Dtk Service Instance

Unique to the Dtk is its approach to Service management in a manner modeled after Object Oriented programming. The Dtk treats all the content in your Modules (ie: Components, Assemblies, Workflows, etc) as definitions and templates that you will be deploying and managing. Upon staging and deployment of an Assembly the Dtk instantiates a Service Instance to be used for ongoing management and editing and containing “instance copies” of all objects you are deploying. Lets say you have an application Assembly for a 3 node deployment. If you stage and deploy that Assembly twice, you will have two running Services, as well as two Service Instance copies to work with.

Service Instances are handy in that they automatically provided a protected sandbox for you and are isolated from any change in the related Module content you might be deploying from. In the background the Dtk makes copied references for the instance of all the leveraged Modules which makes so work can continue on your core IT assets without having to worry about trashing your running Services, squashing commits of team members, or coming up with specific branching strategies…, its all handled behind the scenes for you. The other great aspect of Service Instances is that any special handling or thinking you might have done for “environments” in other systems goes away with the maintained Service Instance isolation.

Once the Service Instance is created you not only have isolated copies of the Modules you are leveraging, you also get a new Service Instance repository which is a version controlled file representation in the state of your running Service(s). When you want to run Actions or change the desired state of your Service, simply edit the model file(s) in your instance repository directory, or leverage edit commands via the Dtk Client, and run the converge Action. The Dtk will commit your edits to the Catalog and execute any required Action or Workflow and update to the desired state.

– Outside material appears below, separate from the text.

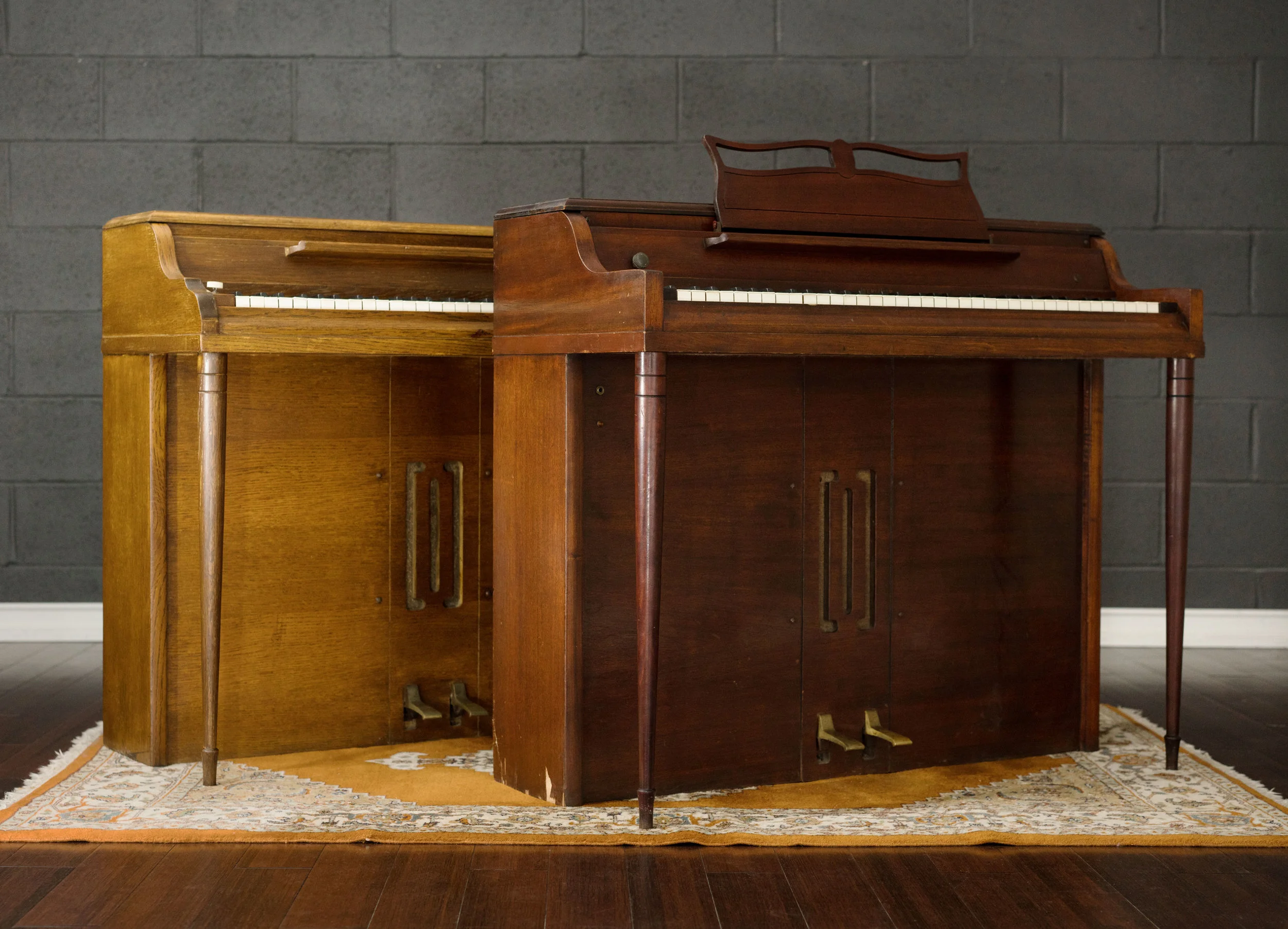 Wurlitzer-700-light-and-dark.jpg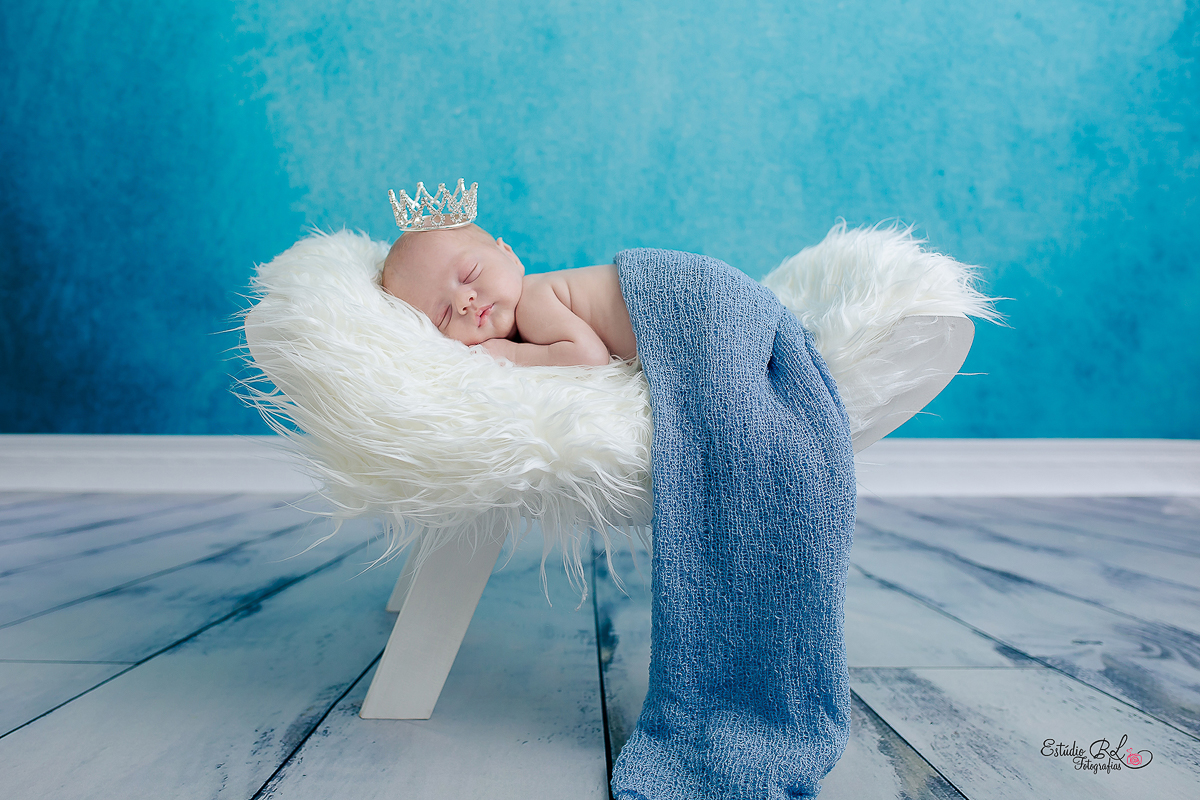 Gustavo está reinando de coroinha no ensaio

A basic functionality provided by the Dtk is to enable applications and services to be deployed with respect to lower level services that provide needed base services or context. The assembly templates that provide the lowest-level base services are referred to as ‘target’ assemblies. Like any other assembly they get staged forming a service instance, or what we will sometimes refer to as a “target instance”. In their simplest form targets are used to enable the Dtk user to select a particular cloud service to deploy with respect to, which will have details that differ accross cloud providers. For example, to deply with respect to an AWS VPC, the user could first select an assembly from the ‘aws/network’ module in the Dtk community repo. The different assembly and parameter choices in this module gives choices with respect to

  • authorization methods - using IAM node profiles vs explicitly putting in user credentials for an existing IAM user, and
  • networking - whether to use a VPC subnet that has been created or to create one when the target is staged and deployed. Note that these options are for this particular ‘aws/network’ module and that Dtk users can customize this module or create a new one to handke additional or different alternatives with reagrds to base AWS deployment context. To treat new cloud providers the user would build a new mdoule with assemblies encoding the provider’s specfics.

After a target assembly has been staged and deployed to create a target instance, an assembly template that captures the application part, but is agnostic to cloud provider can be staged to form a service instance. In this case, the ‘dtk stage’ command takes a command line option that points to the target instance. The Dtk wil then create a service insatnce that gets automatically customizied to the target.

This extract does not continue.